La polizia della Repubblica Sociale Italiana riuscì ad arrestare solo cinque gerarchi che erano talmente tanto convinti di non aver fatto nulla di male, da non pensare assolutamente di allontanarsi dall’Italia o rendersi irreperibili.
Il sesto ad essere catturato fu Galeazzo Ciano, il pesce più grosso del processo. Non si sentiva sicuramente al sicuro differentemente dagli altri gerarchi. Però era stato tratto in inganno dai tedeschi, con i quali cercava di barattare la propria salvezza in cambio dei suoi famosi diari, e venne consegnato agli italiani.
Inizialmente aveva sperato anche nell’intercessione di Mussolini. Ma poi una tale speranza era andata scemando. Anche alla luce della debolezza politica del suocero circondato elementi estremisti e limitato dai tedeschi.
Gli altri gerarchi
Luciano Gottardi aveva continuato sempre a definirsi fascista, vantandosi di aver continuato a salutare romanamente anche quando era stato apertamente proibito. Venne grottescamente individuato perché egli stesso scrisse una lettera ad Alessandro Pavolini in qualità di nuovo segretario del Partito Fascista Repubblicano per chiedere la tessera. Invece della tessera arrivano le manette.
Tullio Cianetti ribadì con vigore la propria innocenza, affermando di aver ritirato per iscritto il proprio voto favorevole all’ordine del giorno Grandi la mattina successiva. Era certo di aver chiarito tutto con Mussolini e di non avere nulla da temere. Sperava che si sarebbe chiarito tutto in poco tempo.
Tragica invece la situazione di Carlo Pareschi, e anch’egli convinto di non aver fatto nulla di male. Non si era occupato di nulla che andasse oltre la sua competenza di ministro dell’Agricoltura e delle foreste. Credeva fermamente che durante quella seduta sarebbe stato interrogato solo ed esclusivamente in merito all’approvvigionamento alimentare in Italia. Era un tecnico che non si occupava di politica, pienamente in buona fede e convinto di non essere andato in alcun modo contro Mussolini. Non aveva capito l’importanza dell’ordine del giorno Grandi.
Il maresciallo d’Italia
Poi c’era il maresciallo d’Italia Emilio De Bono, quadrumviro della marcia su Roma, un famoso eroe di guerra. Ormai la storiografia ha dimostrato che da tempo era segretamente ostile a Mussolini. Ma in quel frangente era pienamente convinto che il Duce non avrebbe mai permesso di sacrificarlo. Impressione inizialmente rafforzata dal fatto che in considerazione dell’età e dello stato di servizio non viene portato in carcere. Mussolini stesso dette ordine che venisse sorvegliato in casa propria rimanendo agli arresti domiciliari.

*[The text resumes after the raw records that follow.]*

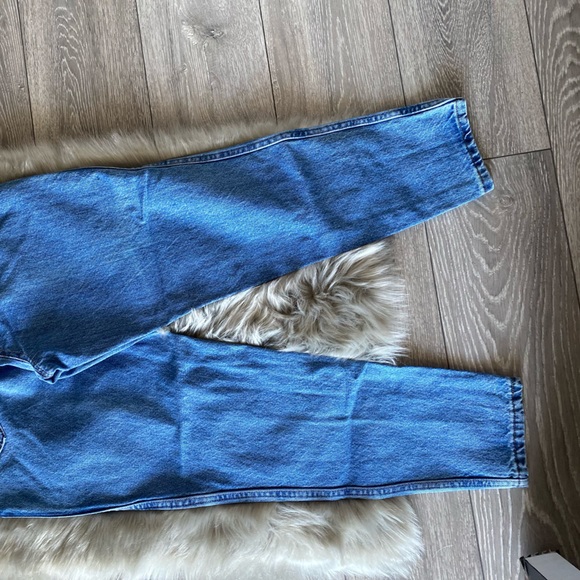 Chic Vintage Jeans - Picture 3 of 11
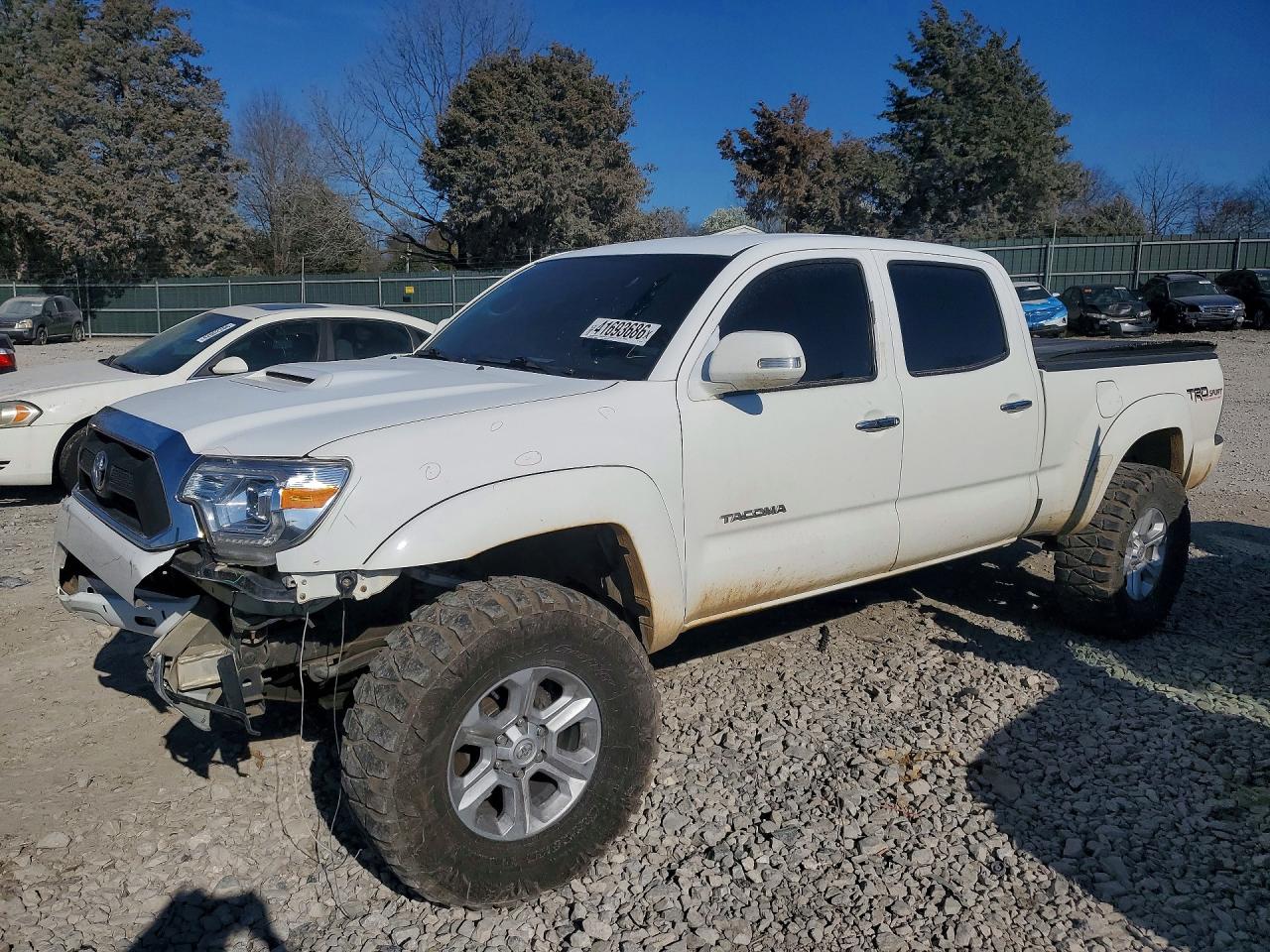 2015 TOYOTA TACOMA V6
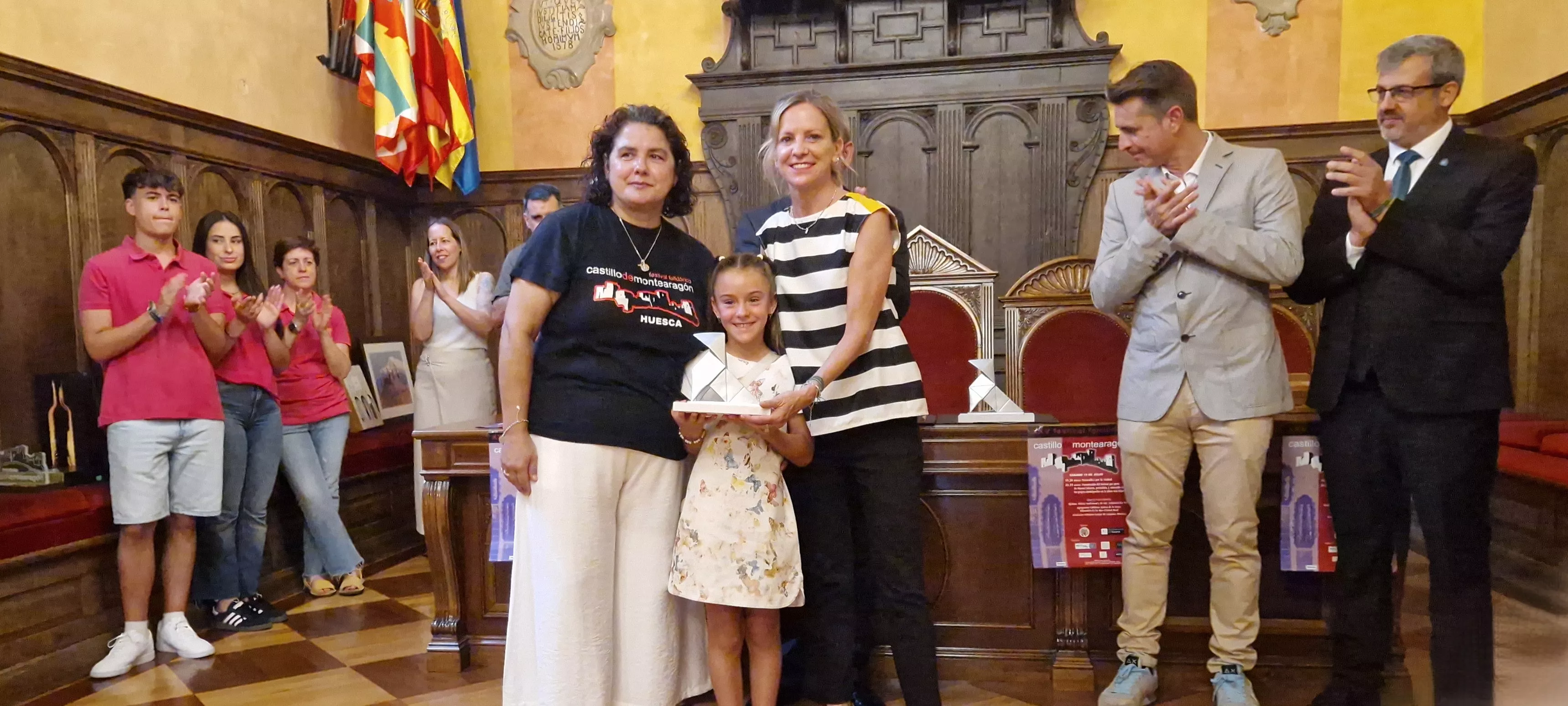 Recepción en el Ayuntamiento en el 25 Festival Folclórico Castillo de Montearagón. Foto Myriam Martínez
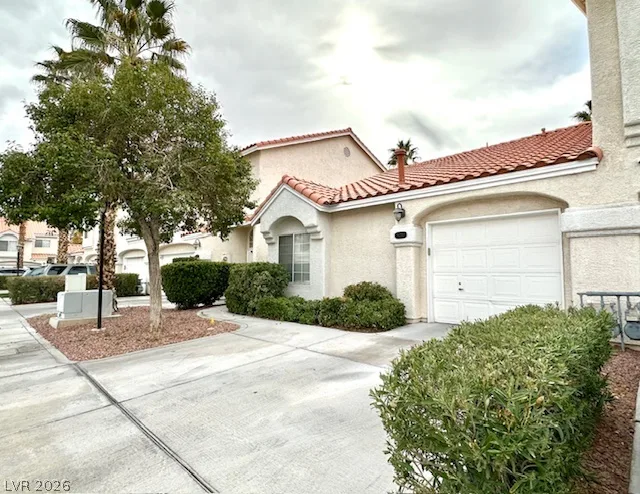 5255 Island Chain Road — photo 1
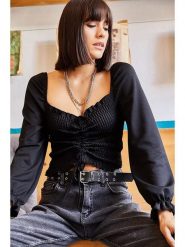 Olalook Bluzka w kolorze czarnym rozmiar: S. Czarne bluzki Olalook, s, bez wzorów, bez kołnierzyka, bez ramiączek. Za 60.99 zł.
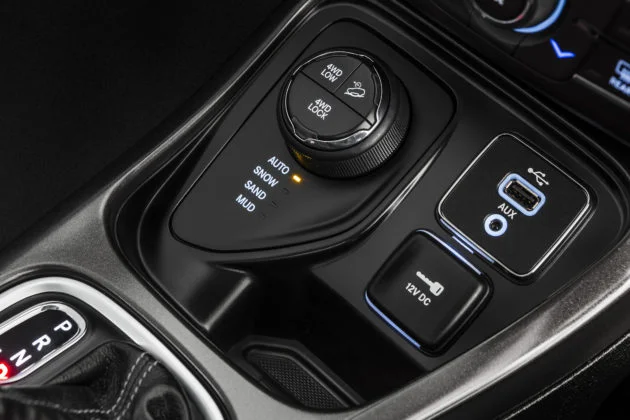 Novo Jeep Compass chega ao Brasil a partir de R$ 99.990 19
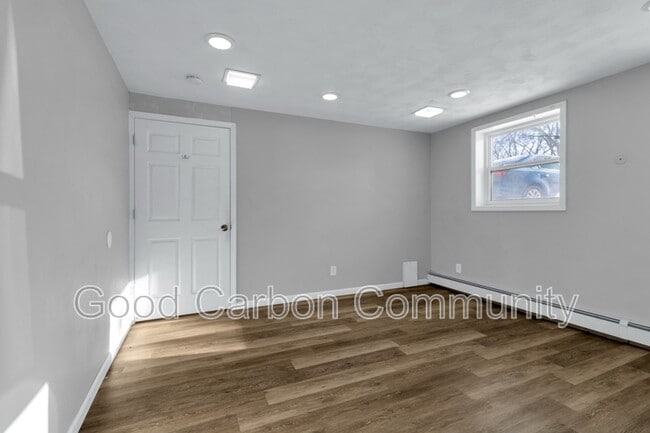 Building Photo - 1190 Orchard Park Rd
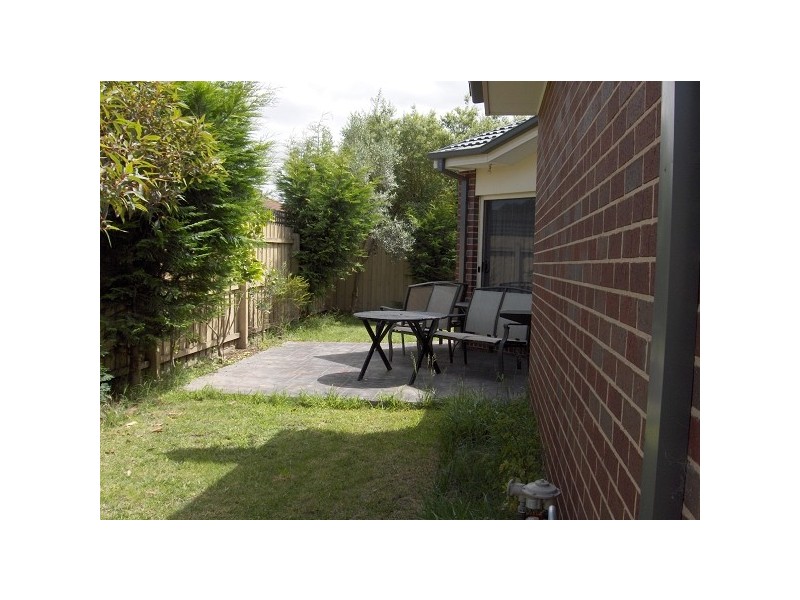 16 Shoal Court, Dingley Village VIC 3172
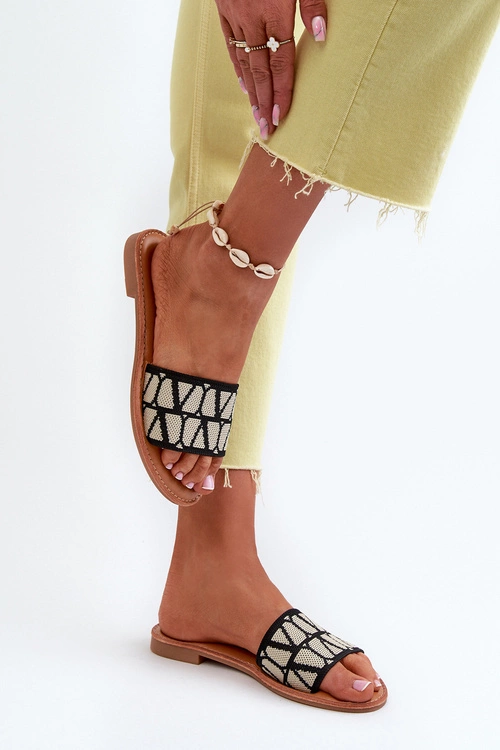 Klapki Damskie Na Płaskim Obcasie Czarne Traivea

E poi Giovanni Marinelli segretario amministrativo del partito ed amico storico di Benito Mussolini. Paradossalmente oltre ad essere una persona anziana è anche provatamente sordo e non aveca capito molto del dibattito durante la seduta del 25 luglio.
Differentemente da tutti gli altri, che rimangono tranquilli, intuisce il pericolo imminente. Era fermamente convinto che Mussolini non avrebbe permesso di processarlo, però comprende che Mussolini può essere in questa fase ostaggio dei gerarchi più intransigenti e degli alleati tedeschi. Ha una vera e propria crisi isterica mentre lo portano via davanti alla sua famiglia. Capisce benissimo che probabilmente il processo può finire molto male, in un momento in cui le considerazioni giuridiche vengono coordinate a quelle politiche ed altri odi dei camerati di ieri.